## Try it
From the line below containing "Container House Cahuita Hotel Kültér fotó" to the final line, print each line exactly as written. No pictures belong in the copy.

## Source data

========================================

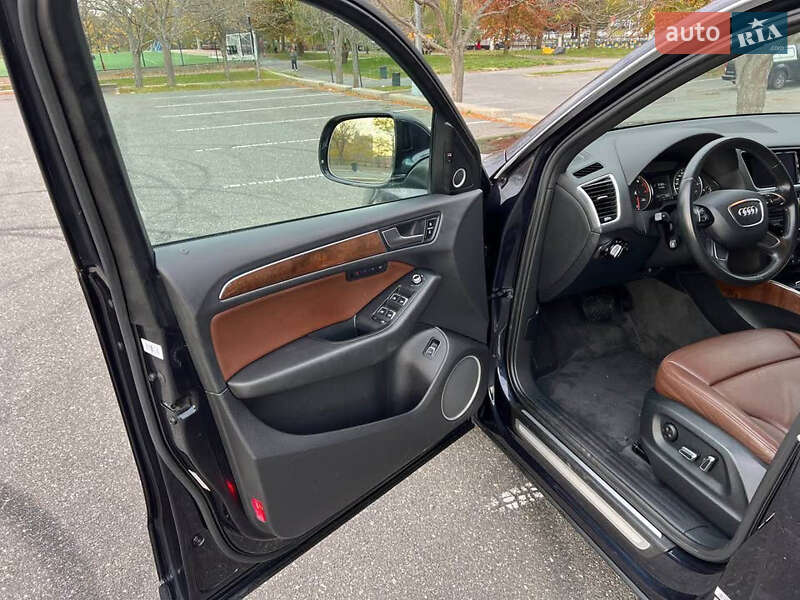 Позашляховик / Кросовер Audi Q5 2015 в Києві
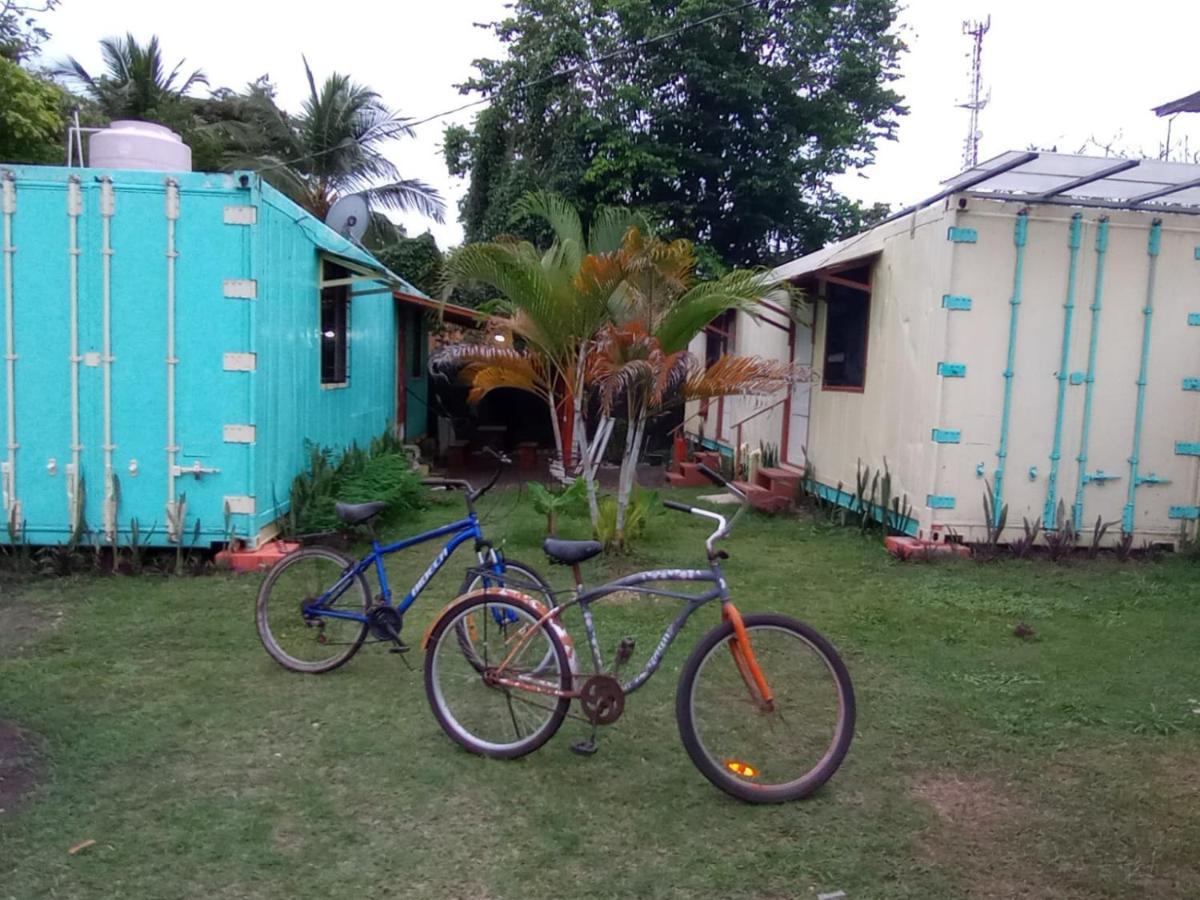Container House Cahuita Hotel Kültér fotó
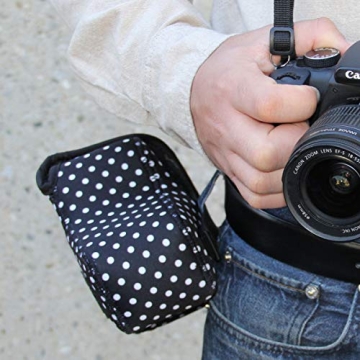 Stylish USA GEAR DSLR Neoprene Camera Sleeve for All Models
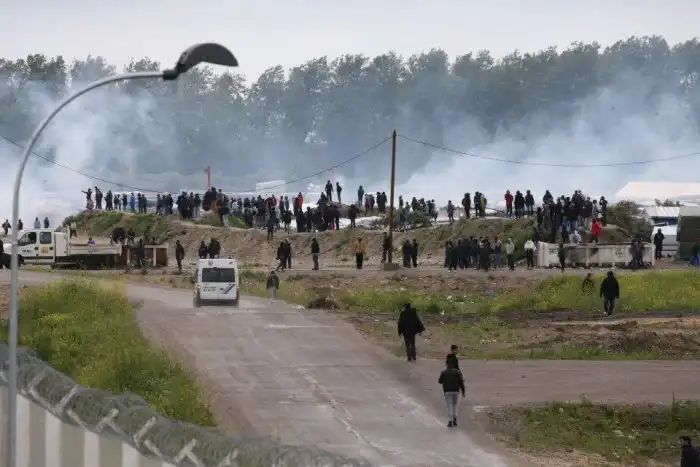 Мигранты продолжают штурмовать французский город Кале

========================================

## Problem solution
Container House Cahuita Hotel Kültér fotó
 Stylish USA GEAR DSLR Neoprene Camera Sleeve for All Models
 Мигранты продолжают штурмовать французский город Кале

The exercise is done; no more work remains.